Murphy D G, Dimock K, Kang C Y
Department of Microbiology and Immunology, University of Ottawa, Faculty of Medicine, Ontario, Canada.
Virus Res. 1990 Apr;16(1):1-16. doi: 10.1016/0168-1702(90)90039-e.
Two lines of LLC-MK2 cells persistently infected with human parainfluenza virus 3 (HPIV-3) have been maintained in culture for approximately 3 years. Subgenomic RNAs (putative defective interfering particle genomes) were detected in virions released from both persistently infected cultures. In one of the persistently infected cell lines cyclic variation in the production of virions containing standard virus genomic-size (50S) RNA and subgenomic RNA was observed. The molar ratio of subgenomic RNA to 50S RNA ranged from less than 0.1/1 to 8.7/1. Northern blot analyses revealed that the patterns of viral mRNA synthesis in persistently infected cells from both cultures were similar to those of standard virus infected cells. Furthermore, the intracellular viral-specific proteins had electrophoretic mobilities similar to the corresponding proteins in standard virus-infected cells. Nucleotide sequence analysis of cloned M gene from virus after 29 months of persistence (147 passages) revealed only one variable conservative amino acid change in two clones analyzed from each cell line, indicating that the M protein is not likely to be involved in the maintenance of the persistent infections. The possible mechanisms by which the persistent state is maintained are discussed.

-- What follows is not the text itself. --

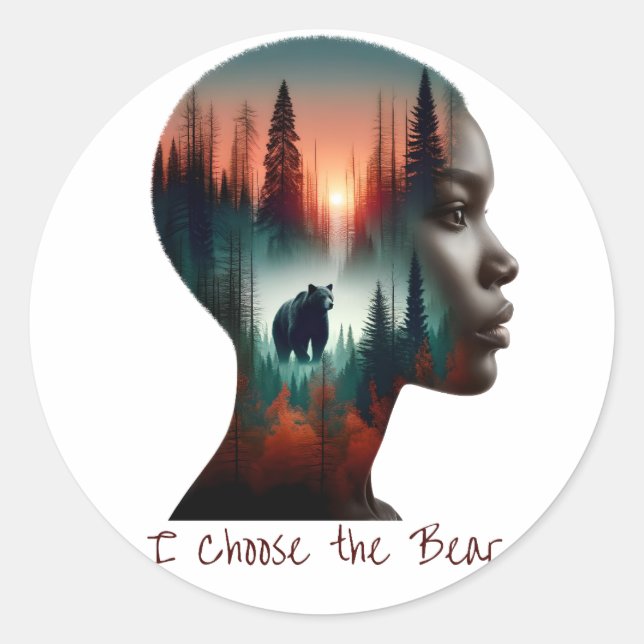 I Choose the Bear Classic Round Sticker (Front)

两株持续感染人副流感病毒3型(HPIV - 3)的LLC - MK2细胞系已在培养中维持了约3年。在从这两种持续感染培养物中释放的病毒粒子中检测到亚基因组RNA(推测为缺陷干扰颗粒基因组)。在其中一株持续感染的细胞系中,观察到含有标准病毒基因组大小(50S)RNA和亚基因组RNA的病毒粒子产生的周期性变化。亚基因组RNA与50S RNA的摩尔比范围从小于0.1/1到8.7/1。Northern印迹分析表明,两种培养物中持续感染细胞中的病毒mRNA合成模式与标准病毒感染细胞的相似。此外,细胞内病毒特异性蛋白的电泳迁移率与标准病毒感染细胞中的相应蛋白相似。对持续29个月(147代)后的病毒克隆M基因进行核苷酸序列分析,结果显示从每个细胞系分析的两个克隆中仅发现一个可变的保守氨基酸变化,这表明M蛋白不太可能参与维持持续感染。文中讨论了维持持续状态的可能机制。